Genetic variation in bactericidal/permeability increasing protein influences the risk of developing rapid airflow decline after hematopoietic cell transplantation

Jason W Chien*, Lue Ping Zhao, John A Hansen, Wen Hong Fan, Tanyalak Parimon, and Joan G Clark

Clinical Research Division and Public Health Science Division, Fred Hutchinson Cancer Research Center, Seattle, WA, USA

* Corresponding author; email: jchien{at}fhcrc.org.

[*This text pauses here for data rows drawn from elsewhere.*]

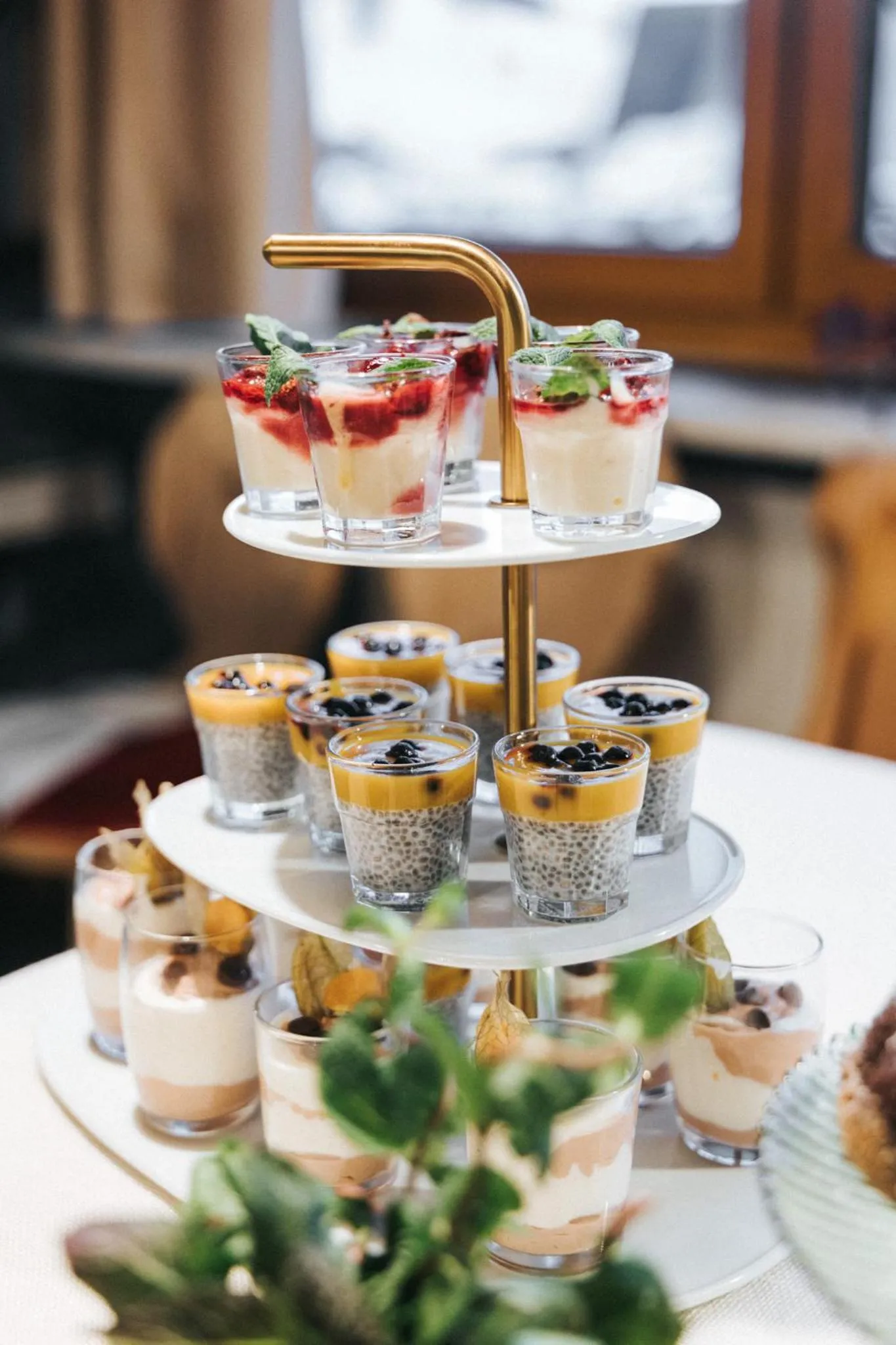 Buffet breakfast in VILLA OXA - Boutique Design Hotel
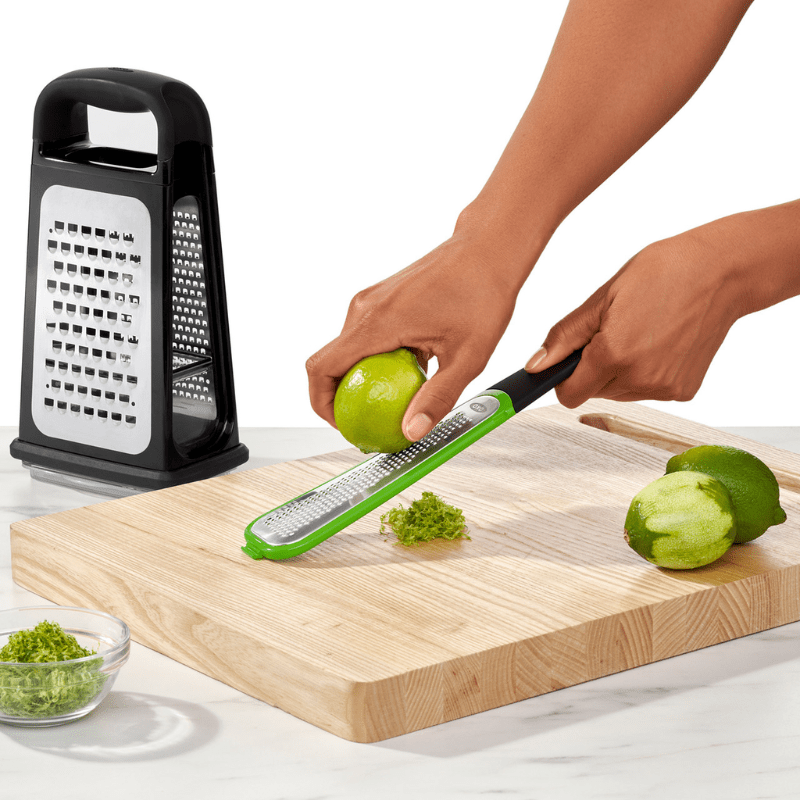 OXO Good Grips Box Grater with Removable Zester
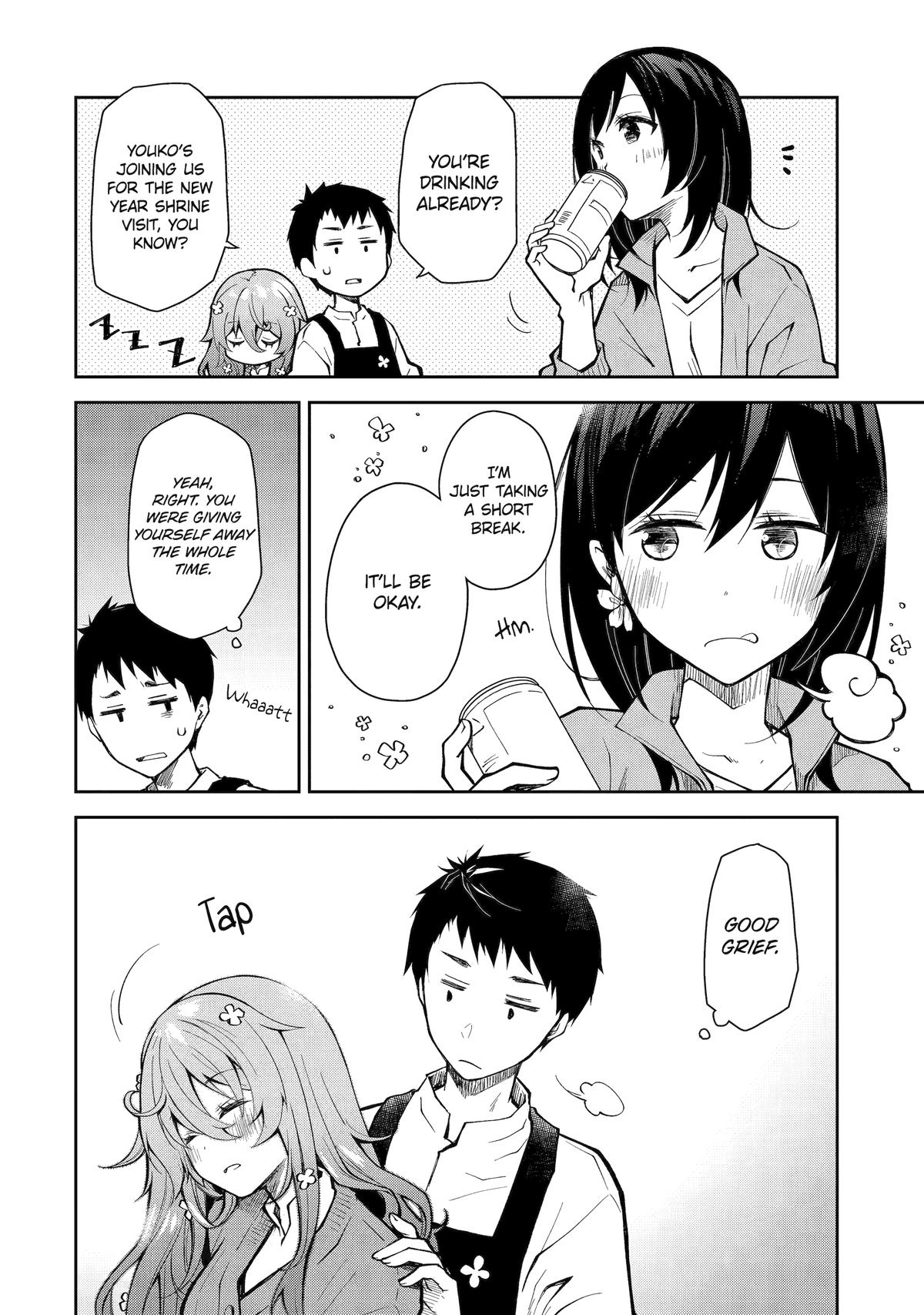Deisui Kanojo Chap 13 - Next Chap 14
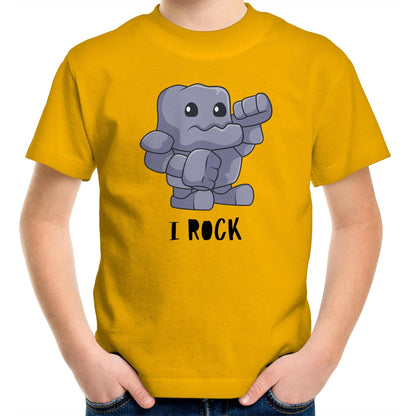 I Rock - Kids Youth T-Shirt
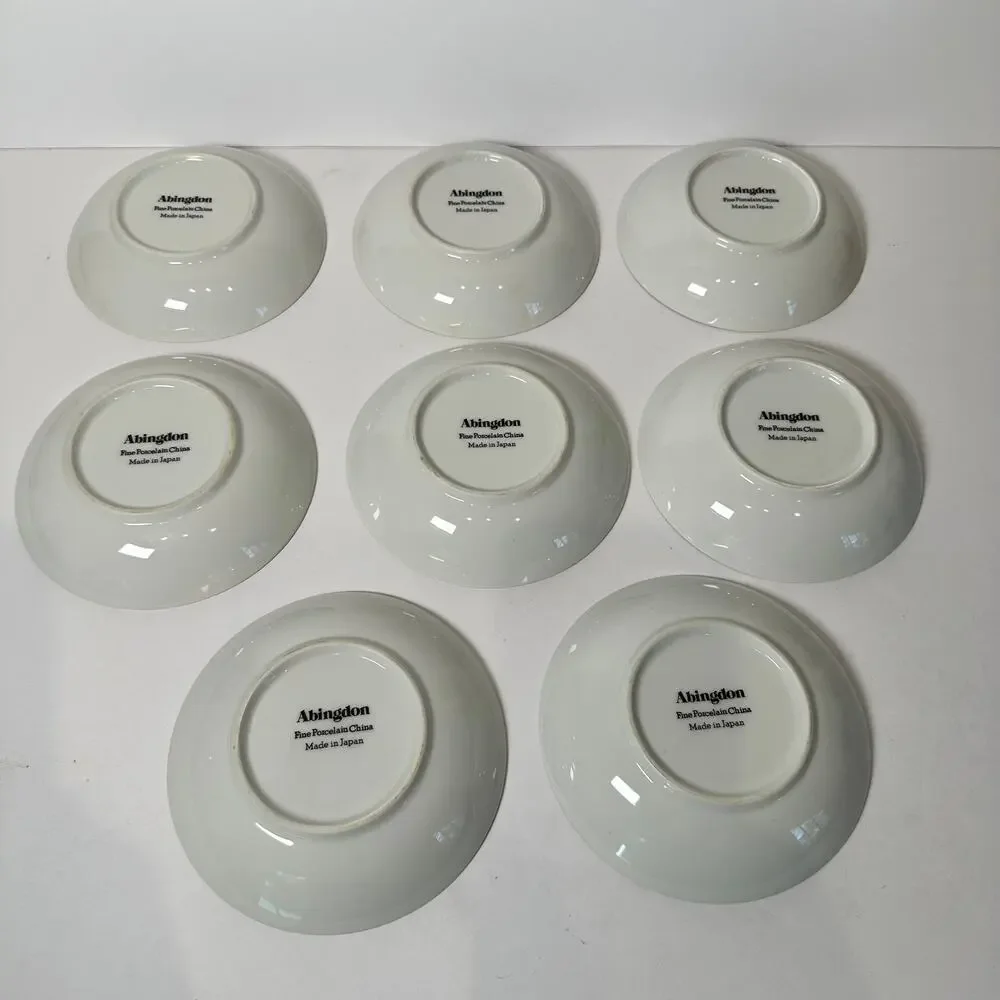 Vintage Abingdon Rose Fine Porcelain China Made in Japan 5 1/2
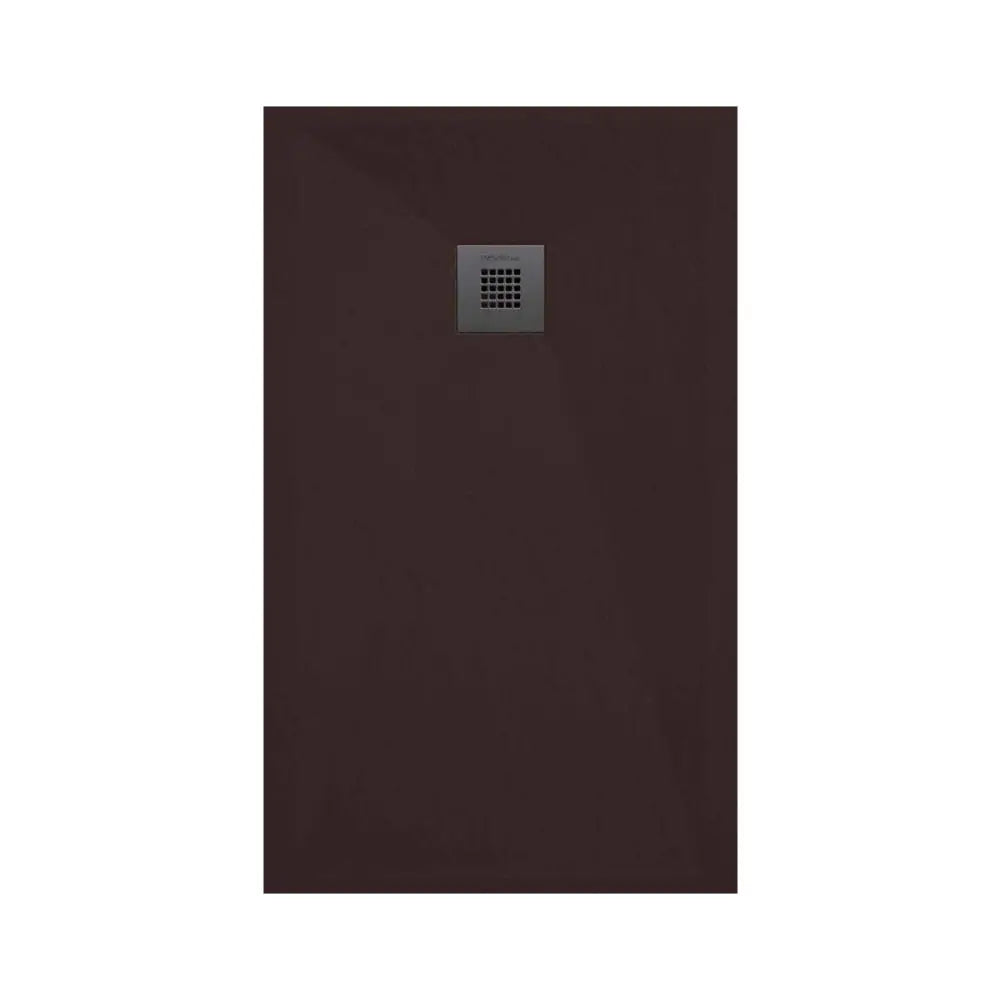 Classic Shower Tray Slate Texture - Brown / 70X100 - Bathroom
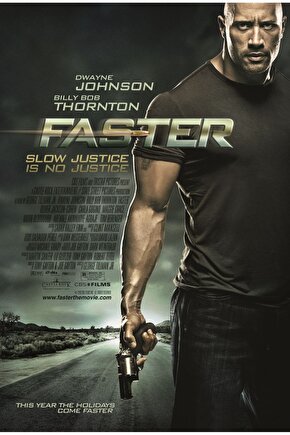 Faster (2010) ( FOLYO ) - AFİŞ - POSTER-2820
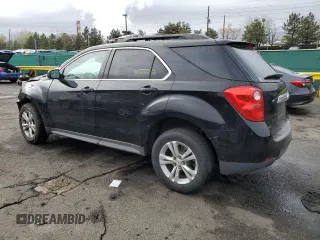 2013 Chevrolet Equinox LT with VIN 2GNFLEEK6D6116543, listed as a Copart auction lot 53095975 with 119,878 mi miles and Salvage Title. Bid and sale history available at carsss.com. Image 2.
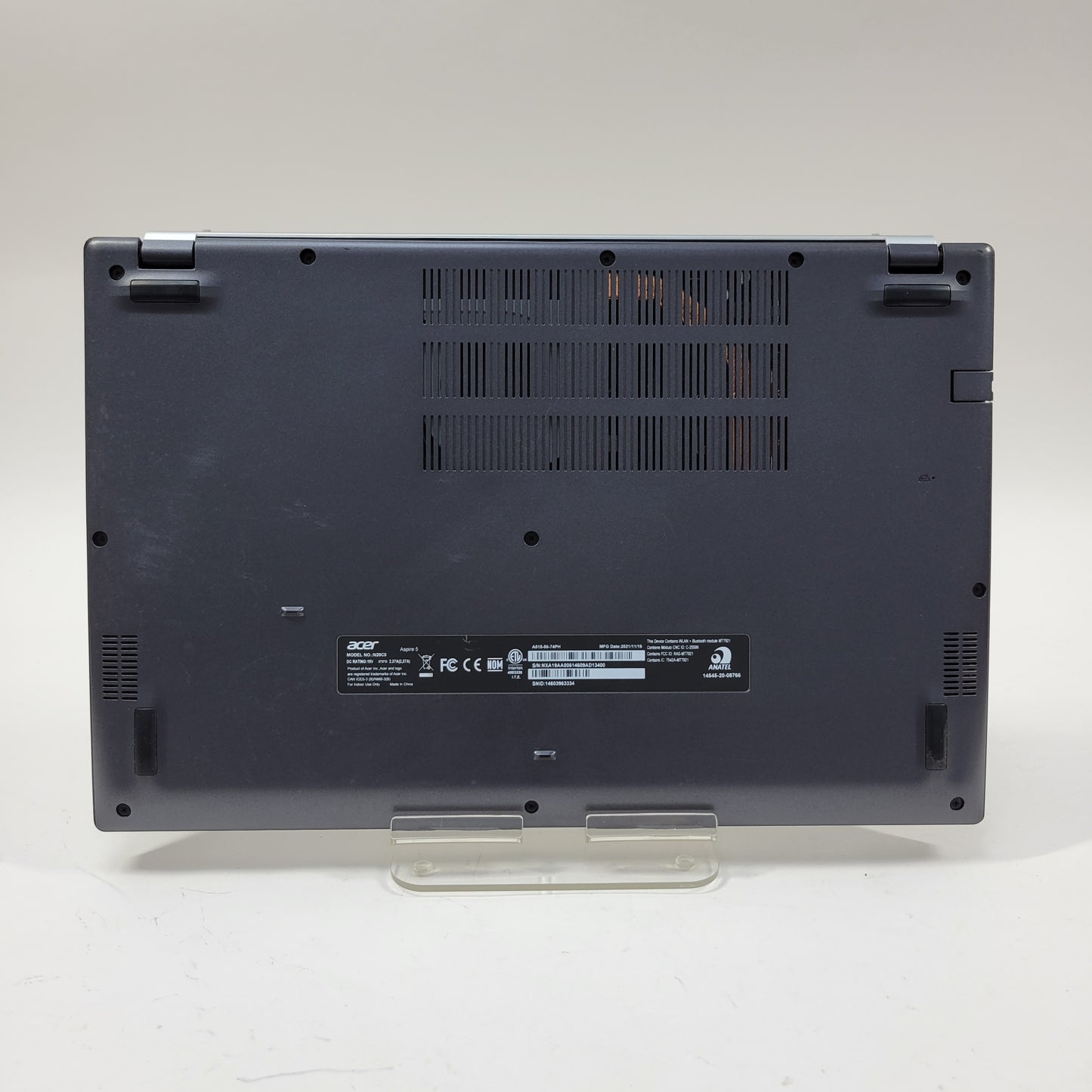 Acer Aspire 5 A515-56 15.6" i7-1165G7 2.8GHz 12GB RAM 512GB SSD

Innate immunity is involved in the biology of graft versus host disease and common airways diseases. We screened 15 genes in this pathway using a haplotype approach to identify potential candidate genes that may be involved in the development of airflow obstruction after hematopoietic cell transplant. Sixty-nine haplotype tagging single nucleotide polymorphisms were selected for assessment in a discovery cohort (N=363). Significant associations were validated in a validation cohort (N=209). Expression of the candidate gene was demonstrated by detecting gene transcript and protein in malignant and normal small airway epithelial cells. In the discovery cohort, 133 patients developed significant airflow decline. Four patient and donor bactericidal permeability increasing (BPI) haplotypes were associated with a 2 to 3-fold increased risk for developing significant airflow decline (p-values 0.004 to 0.038). This association was confirmed in the validation cohort, which had 66 patients with significant airflow decline, with 9 significant haplotypes (p-values 0.013 to 0.043). BPI gene transcript and protein was detected in airway epithelial cells. These results suggest mutations in the BPI gene significantly influence the risk for developing rapid airflow decline after hematopoietic cell transplantation and may represent a novel therapeutic target for this form of airways disease.